Exercise: Would you please repeat exactly the entries below, starting at the line with "Fumot Randm Dazzle 6000 Puffs Vape Wholesale" and ending at the line with "New 2026 Chevrolet", and nothing outside that range? Leave out the pictures.

Records provided:
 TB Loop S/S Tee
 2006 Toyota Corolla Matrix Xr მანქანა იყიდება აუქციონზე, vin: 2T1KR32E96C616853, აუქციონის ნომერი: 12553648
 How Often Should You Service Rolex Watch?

--

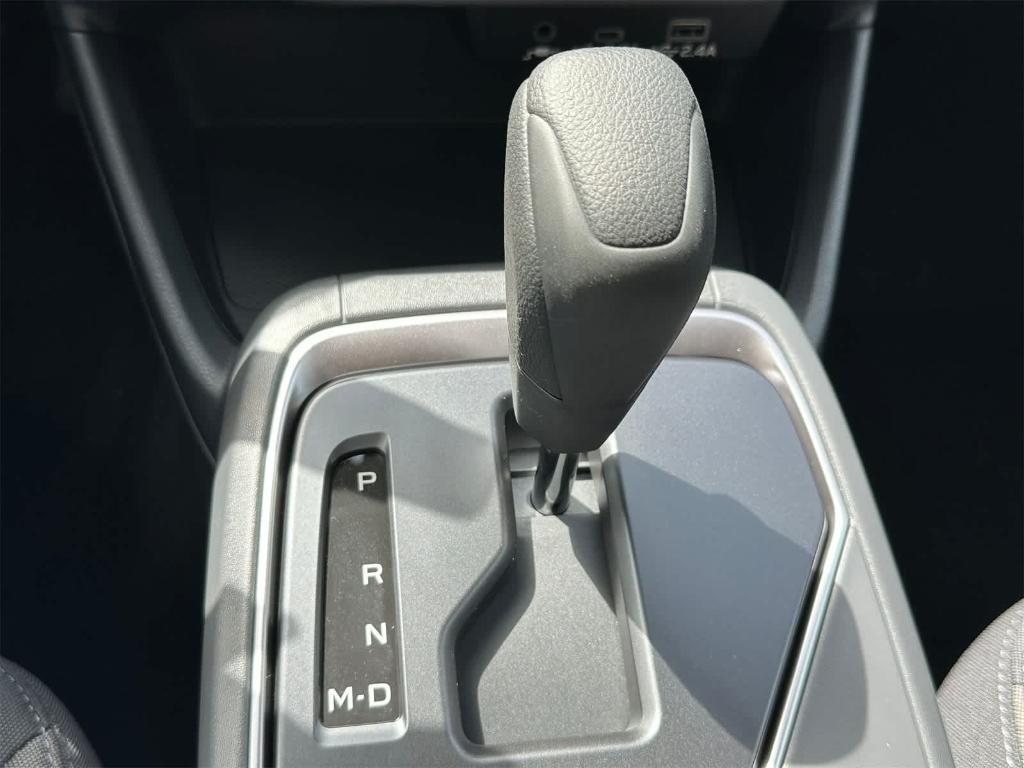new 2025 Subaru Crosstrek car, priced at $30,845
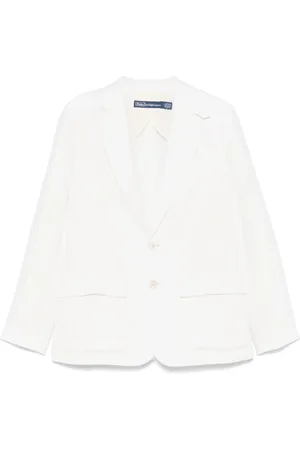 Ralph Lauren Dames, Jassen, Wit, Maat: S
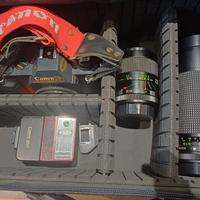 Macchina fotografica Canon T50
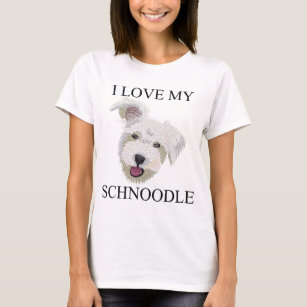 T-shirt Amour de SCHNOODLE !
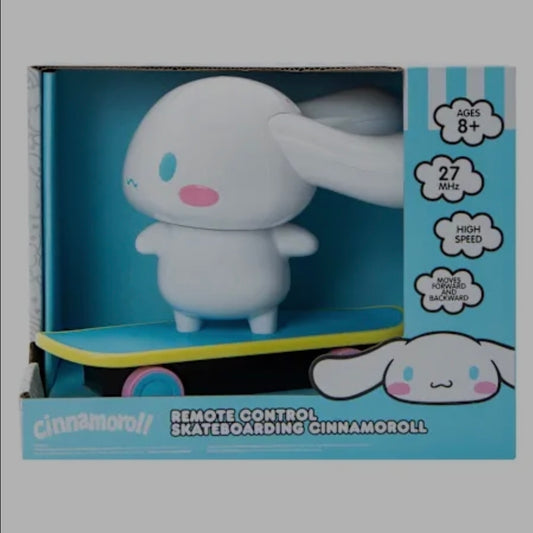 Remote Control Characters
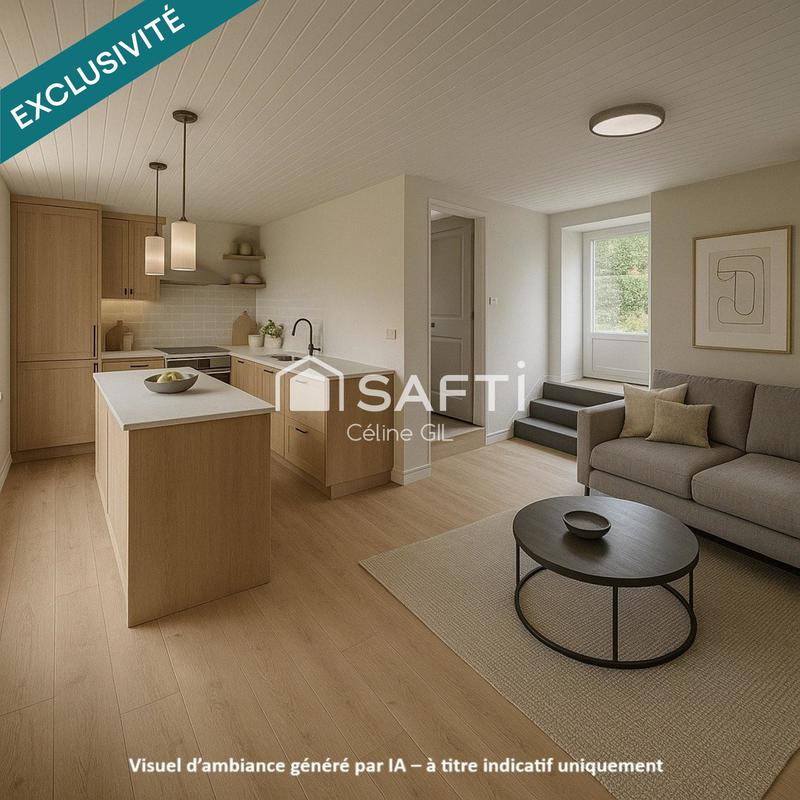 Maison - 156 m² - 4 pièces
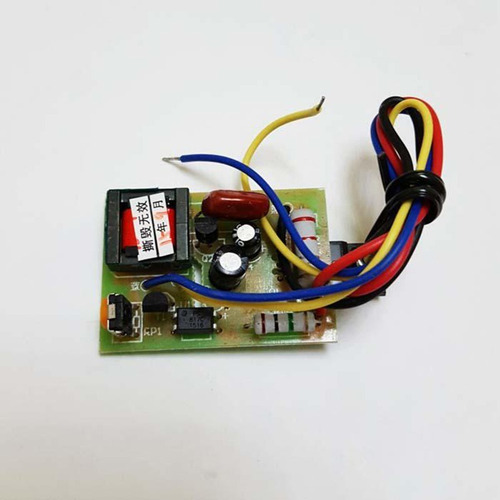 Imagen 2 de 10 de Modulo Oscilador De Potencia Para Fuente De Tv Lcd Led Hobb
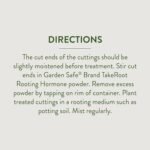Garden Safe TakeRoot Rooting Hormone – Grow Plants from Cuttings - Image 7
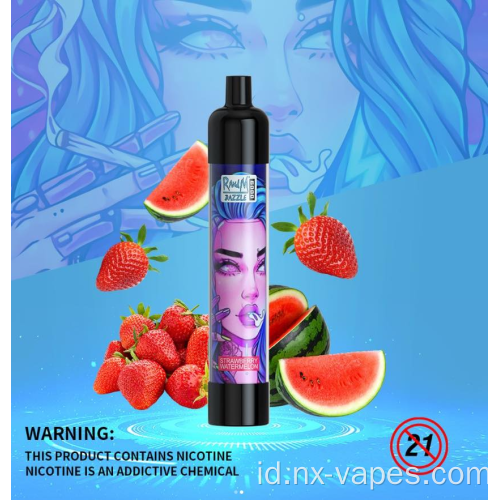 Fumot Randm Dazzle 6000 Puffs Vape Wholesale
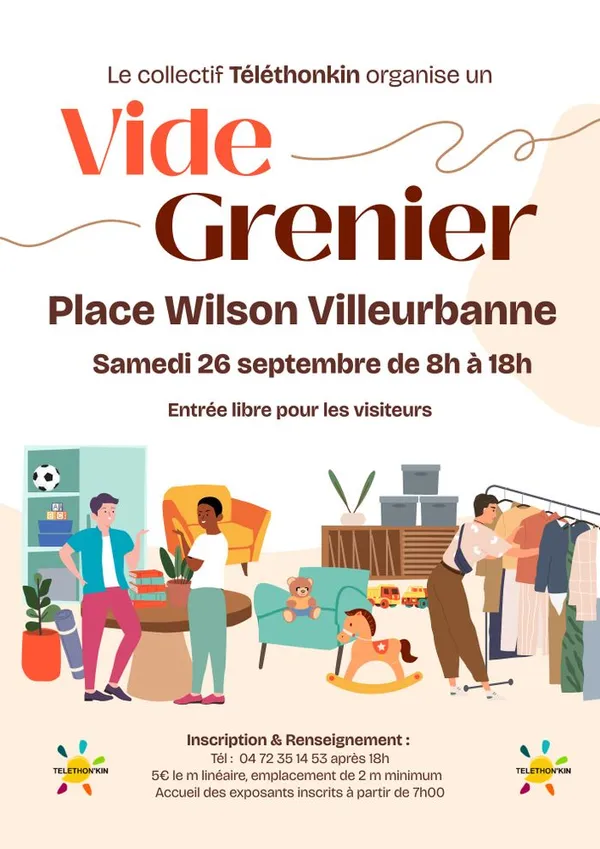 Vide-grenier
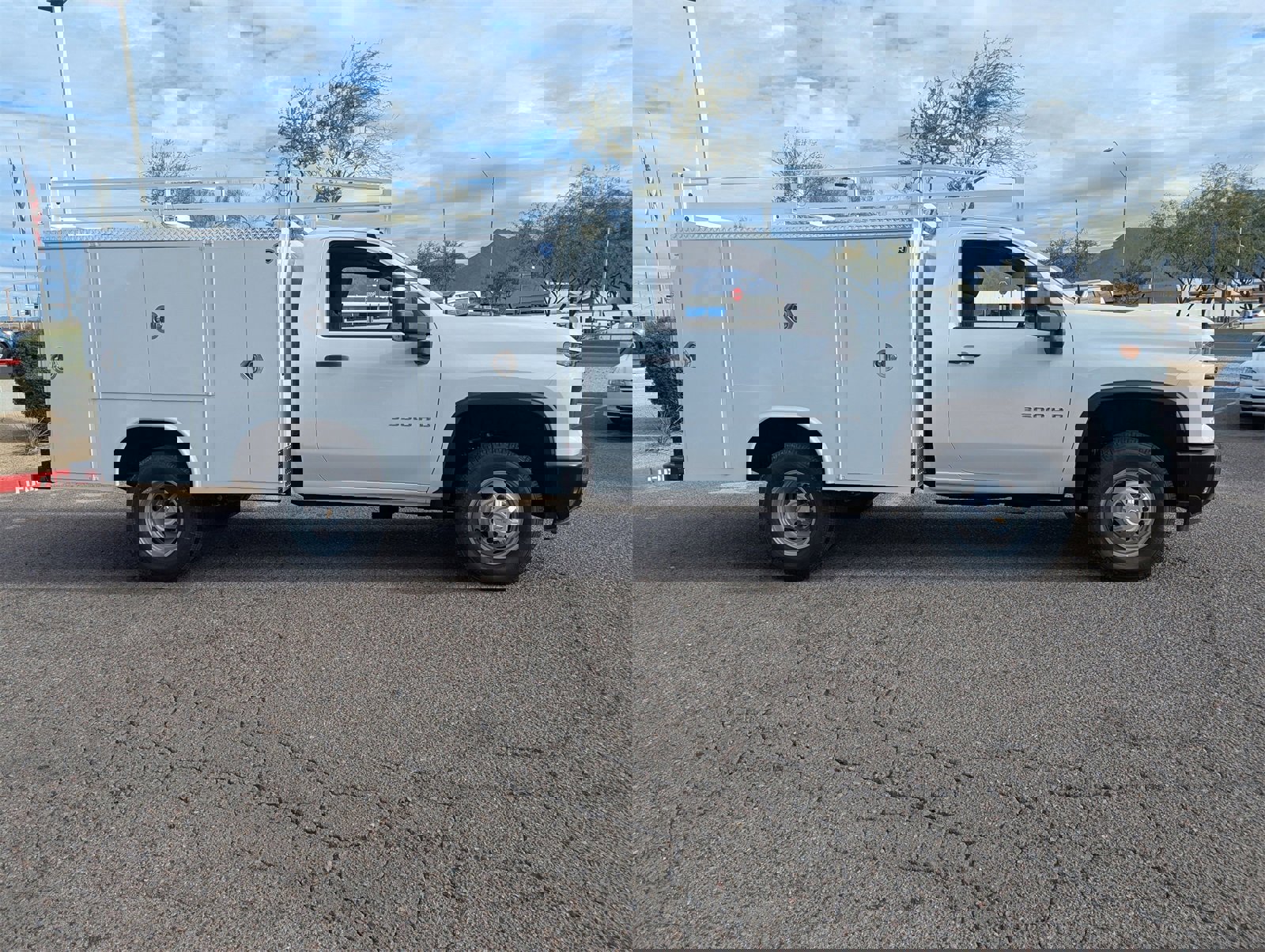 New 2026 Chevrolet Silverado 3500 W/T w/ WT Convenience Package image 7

==

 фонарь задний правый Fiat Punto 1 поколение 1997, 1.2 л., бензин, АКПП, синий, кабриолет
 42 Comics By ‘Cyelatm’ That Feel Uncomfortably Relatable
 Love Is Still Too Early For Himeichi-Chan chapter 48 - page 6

Response box:
 Fumot Randm Dazzle 6000 Puffs Vape Wholesale
 Vide-grenier
 New 2026 Chevrolet Silverado 3500 W/T w/ WT Convenience Package image 7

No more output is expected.